Here's what we've all been told our whole life: In order to get big and strong, you need to feed your muscles enough protein to grow. After a session of heavy lifting, most of us almost sprint home to eat our protein-rich post-workout meal or our post-workout protein shake. Though it is true that we need enough protein to grow, the whole truth is just a bit more complex. We need to look at what kind of protein we are actually getting in. More specifically, we need to look at what these proteins are made of.
Proteins are built from amino acids. These amino acids are often relatively small molecules and chain together to create a protein. There are 20 different amino acids humans use, out of which 8 are essential and must be obtained from the food we consume. In other words, we need to eat specific types of proteins which contain these amino acids in order to properly function and of course to build or maintain muscle mass. In this image, you can see which amino acids humans produce and which amino acids are essential amino acids.
The one amino acid that deserves a lot of attention is Leucine. Leucine is one of the 8 essential amino acids we must obtain from our diet and is also called a Branched Chain Amino Acid (BCAA). Other BCAA include Isoleucine and Valine. You've probably heard of that term before haven't you? BCAA's are very popular among gym-goers because of its supposedly muscle protecting properties during a workout. What most people don't know however, is that not only is leucine the most important of the three BCAA's, but leucine does so much more than just protect your muscles. Leucine is actually the master key to muscle growth. You read that right! Leucine is the single most important component from your protein intake that determines wether you will build muscle or not. Leucine is basically the switch that turns muscle growth on and off. Without proper leucine intake, we won't see as much muscle growth.
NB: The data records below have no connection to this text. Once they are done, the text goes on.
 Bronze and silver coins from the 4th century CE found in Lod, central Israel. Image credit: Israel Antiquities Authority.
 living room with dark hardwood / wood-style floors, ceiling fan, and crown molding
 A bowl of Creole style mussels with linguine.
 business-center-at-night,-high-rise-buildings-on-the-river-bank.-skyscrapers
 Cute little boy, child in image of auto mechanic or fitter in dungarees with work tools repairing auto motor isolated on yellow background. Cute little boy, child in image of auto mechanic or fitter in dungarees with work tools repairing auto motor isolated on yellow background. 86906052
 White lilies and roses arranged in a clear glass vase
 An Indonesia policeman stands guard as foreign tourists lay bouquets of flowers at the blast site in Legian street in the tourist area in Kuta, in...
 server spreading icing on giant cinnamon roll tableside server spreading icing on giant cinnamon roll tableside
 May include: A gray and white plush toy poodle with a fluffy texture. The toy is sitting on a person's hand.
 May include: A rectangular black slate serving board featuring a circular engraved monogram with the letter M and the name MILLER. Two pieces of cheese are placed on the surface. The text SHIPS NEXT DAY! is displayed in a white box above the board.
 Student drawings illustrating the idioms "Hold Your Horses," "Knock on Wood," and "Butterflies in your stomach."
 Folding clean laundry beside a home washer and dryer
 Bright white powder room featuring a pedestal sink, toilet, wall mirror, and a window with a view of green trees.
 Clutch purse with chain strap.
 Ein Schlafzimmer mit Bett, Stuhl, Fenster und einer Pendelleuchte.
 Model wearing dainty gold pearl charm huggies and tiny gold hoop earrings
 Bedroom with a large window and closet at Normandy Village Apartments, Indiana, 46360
So not only is leucine intake important for muscle growth, we also need proper amounts of leucine to make those muscles grow. Science calls this the 'Leucine Threshold'. As you can see on the image, we need sufficient amounts of leucine to surpass the threshold given with the horizontal dotted line. This threshold is 3.2 grams of leucine per meal consumed. That means, every time you consume 3.2 grams of leucine or more, your body immediately activates a cascade of hormones and signalling molecules which activate muscle growth. The important thing to realise as well here is that your body also needs enough total protein to effectively build muscle. According to research, any amount of protein between 1.6 - 2.4 g/kg bodyweight will be enough.
So now that you know the science behind leucine and how much you need to consume per meal, how do you effectively get this amount of leucine in? The most logical answer is to eat foods that are rich in leucine. Foods that are rich in leucine include beans, legumes, corn, grains, tofu, tempeh, soy based products and also animal protein. Animal protein usually has the highest amount of leucine you can find, but shouldn't be the reason to turn to animal protein. Eating enough amounts of proper plant-based protein sources will do the job equally well.
The other option is to supplement on leucine. Most people have used BCAA supplementation before, but are you getting enough out of your BCAA supplements? The answer is usually no. Most BCAA supplements have a 2:1:1 ratio, which means that the leucine content is twice as high as the isoleucine or the valine content. That shouldn't be a problem though, if you take the right amount of your BCAA supplement in. The recommended dose is usually 5 grams, which usually means you get 2 grams of leucine. And that's not enough to surpass the threshold. The solution is to either double the recommended dose (10 grams of BCAA, giving 4 grams of leucine) or buy a pure leucine supplement and serve yourself about 3.5 grams (depending on the leucine content per gram). They are usually not very expensive and last you at least a month. This is actually an amazing investment for vegans and vegetarian, as most people have difficulties reaching the leucine threshold needed.
Whilst BCAA's and Leucine is very popular among bodybuilders and more experienced gym-goers, it's important that everyone who is looking to add on some muscle mass or shape their body surpass this threshold at every meal. Even the ladies who don't want to put on too much mass need to ingest enough leucine. Without it, you are very likely to progress at a much slower rate or not at all.
So my recommendation is: take a look at the amount of leucine you are ingesting from your food and if this is not sufficient, change the amounts you are eating and/or add a leucine/BCAA supplement to your diet in a proper dosage.